U.S. President Barack Obama will host a two-day summit with ASEAN leaders on Monday at the Sunnylands Center in California. The meeting, the first of its kind in the United States, is expected to be part of Obama's Asia-Pacific rebalance strategy.
However, U.S. media and experts believe that the free-of-protocol meeting is doomed to yield nothing substantial due to differences between the United States and Southeast Asian countries.
MORE SYMBOLIC THAN SUBSTANTIAL
Asia-Pacific rebalance is one of the priorities of Obama's foreign policy. The U.S. government regards it as a long-term strategy, Daniel Russel, U.S. Assistant Secretary of State for East Asian and Pacific Affairs, said last month.
However, Obama is running out of time during his presidential term, and it is hard to tell whether the next administration will continue Obama's policy.
By hosting the summit after their last meeting in Kuala Lumpur just no more than three months ago, the president is sparing no efforts to signal the importance of ASEAN to his successor, trying to build solid ties with ASEAN countries as one of his remarkable diplomatic legacies.
William Kirby, T.M. Chang Professor of China Studies at Harvard University, told Xinhua that Washington D.C. is not a great place for a meeting this time of year.
Instead, Sunnylands is a good venue for informal personal interactions among leaders, said Richard Bush, director of the Center for East Asia Policy Studies at Brookings.
As a matter of fact, a number of ASEAN countries have been going through changes in politics.
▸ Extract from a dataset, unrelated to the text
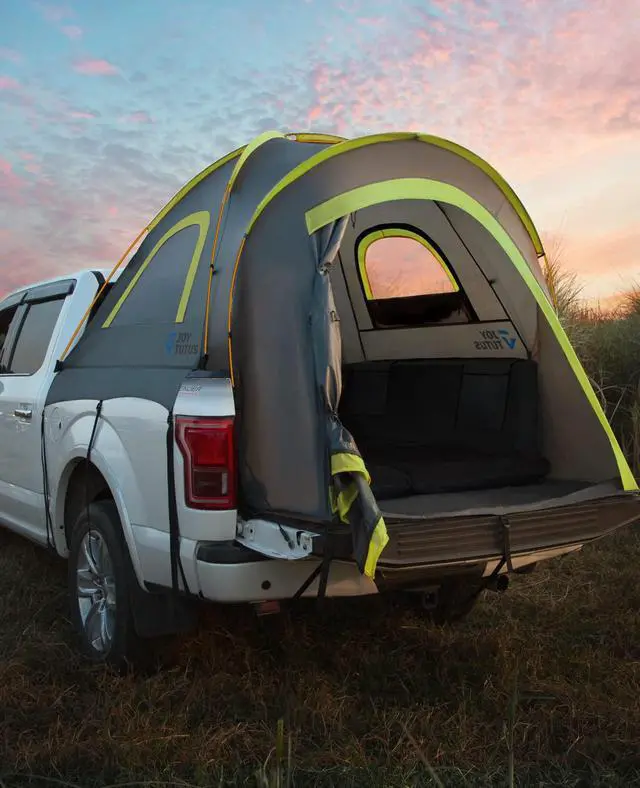 Alt view image 2 of 7 - Pickup Truck Tent 5ft 2.0, Waterproof PU2000mm Double Layer for 2 Person, Portable Truck Bed Tent with Rainfly, Green, Aluminum Pole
Along with the power transitions in Vietnam, Laos and Myanmar, Thailand is debating on revising the constitution after the 2014 coup. Meanwhile, the Philippines will also hold a presidential election in the next few months as Benigno Aquino III, the country's 15th president, steps down from office.
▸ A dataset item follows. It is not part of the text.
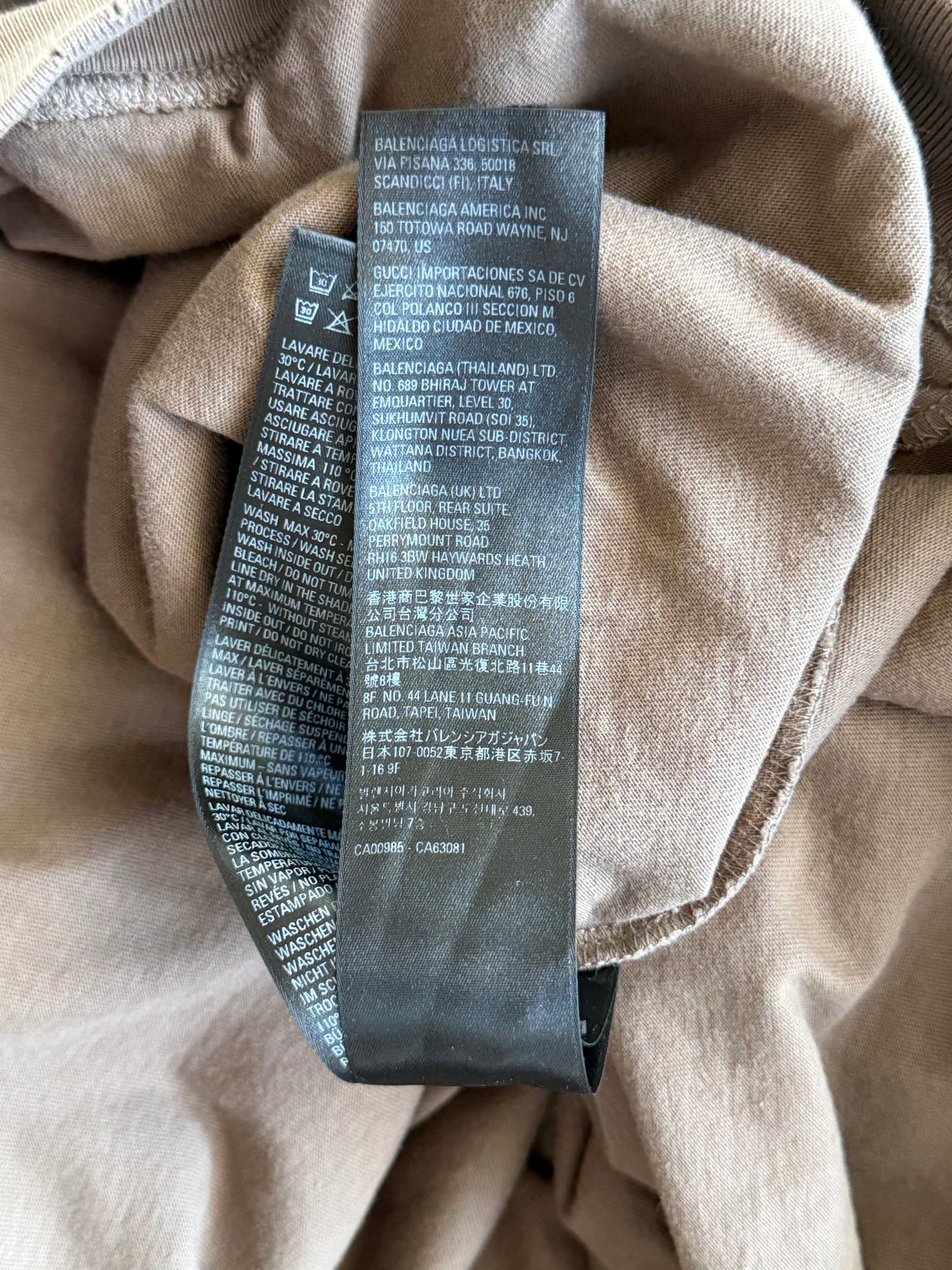 Balenciaga Brown Distressed Logo Hoodie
The U.S.-ASEAN summit will not yield any major announcement or policy initiatives, said Tang Siew Mun, head of the ASEAN Studies Center and concurrently senior fellow at the Regional Strategic and Political Studies program at ISEAS-Yusof Ishak Institute based in Singapore.
Tang's opinion was echoed by Denny Roy, senior fellow at the East West Center, who said that any joint statement of the participants would be so bland as to be almost inconsequential, adding that Obama just hopes to convince the ASEAN countries to support the U.S.-led regional order more strongly.
The summit is more symbolic than substantial, said Odd Arne Westad, S.T. Lee Professor of U.S.-Asia Relations at Harvard University.
ASEAN NOT TO TAKE SIDES
According to the U.S. Department of State, maritime disputes, trade and other sensitive issues are on the summit agenda.
On the issue of the South China Sea, U.S. media said Obama may wish to reach consensus among all ASEAN member states in order to issue a statement at the Sunnylands summit that will touch on China.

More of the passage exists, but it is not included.